## Task details
Working from the entries that follow, transcribe exactly and only the lines from the one with "Rabbit Bear Organic‎" through the last, pictures excluded.

*** Supplied records ***

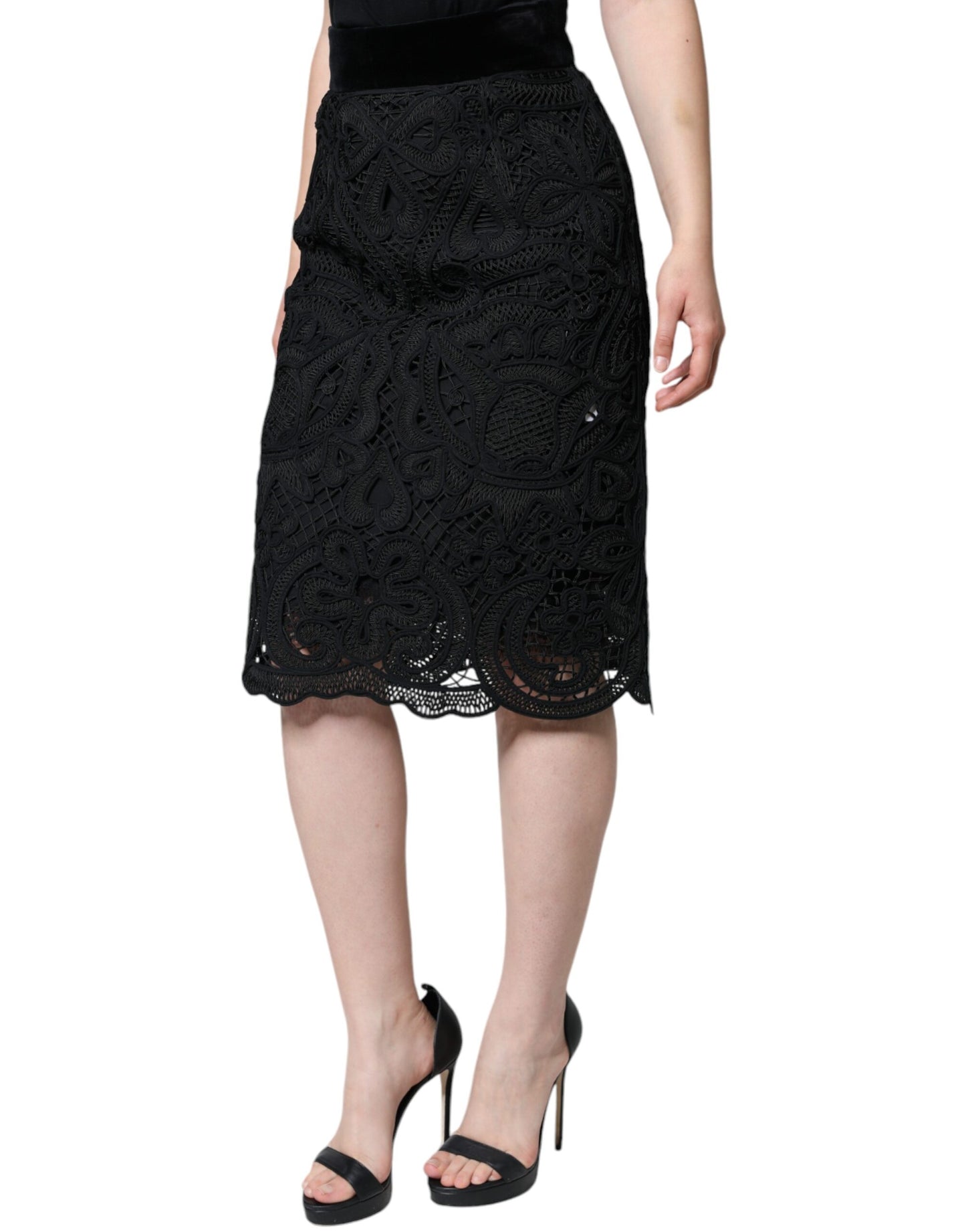 Falda tubo de cintura alta con encaje floral negro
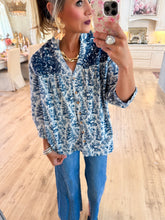 Blue Christmas Toile Top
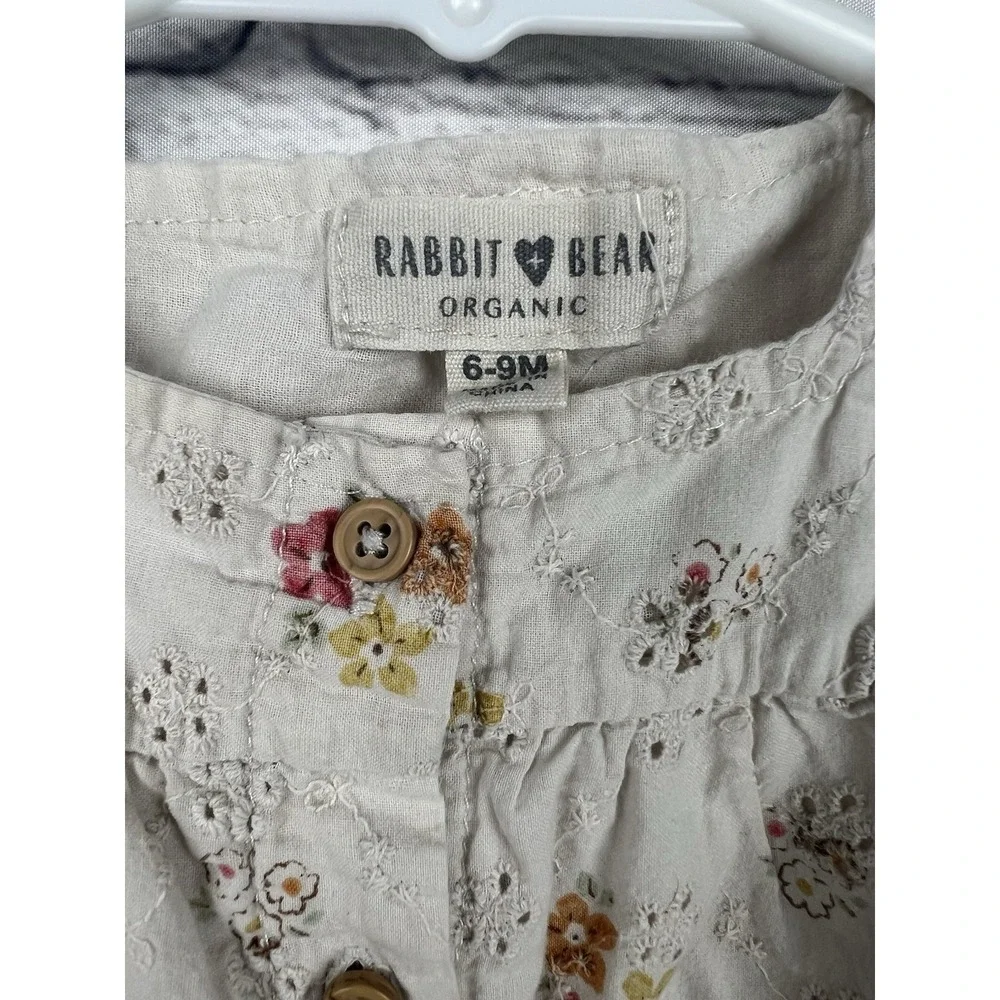 Rabbit Bear Organic‎ Cotton Baby Girl Top 6-9m Floral Eyelet Ruffle Flutter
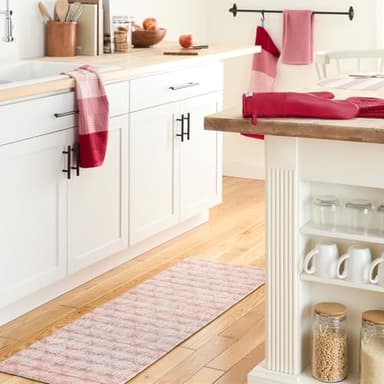 TOWN & COUNTRY BASICS Comfort Plus Boho Geo Anti Fatigue Comfort Mat, Kitchen Runner Mat, Standing Desk Mat, Dorm Room Rug, Non-Slip Backing, Maroon, 18"x55" - Image 3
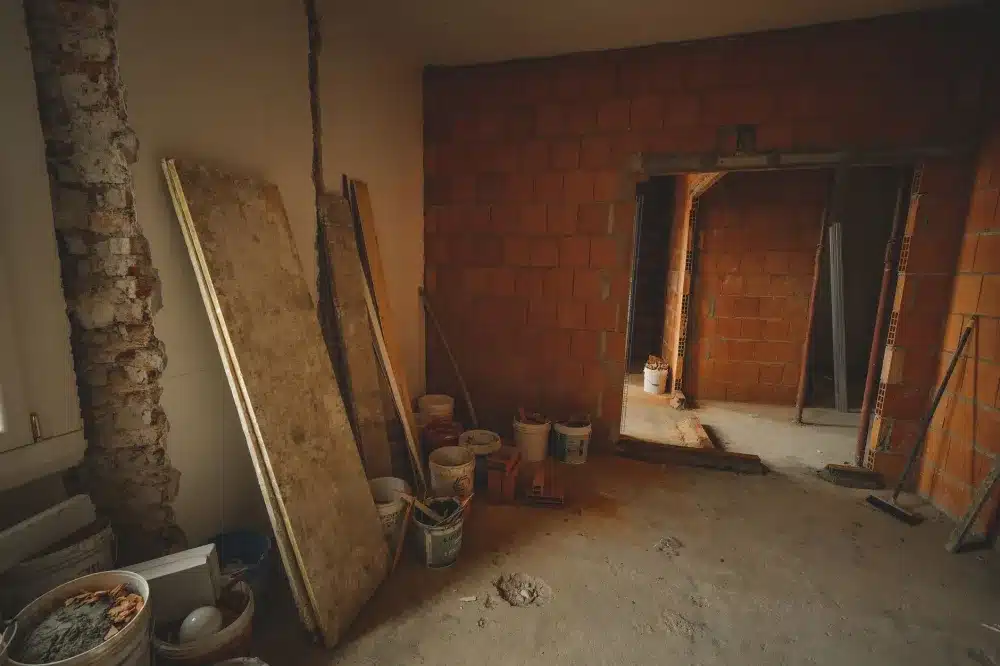 Kitchen demolition in progress during a full cabinet and countertop remodel in Texas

***

## Output of the task
 Rabbit Bear Organic‎ Cotton Baby Girl Top 6-9m Floral Eyelet Ruffle Flutter
 TOWN & COUNTRY BASICS Comfort Plus Boho Geo Anti Fatigue Comfort Mat, Kitchen Runner Mat, Standing Desk Mat, Dorm Room Rug, Non-Slip Backing, Maroon, 18"x55" - Image 3
 Kitchen demolition in progress during a full cabinet and countertop remodel in Texas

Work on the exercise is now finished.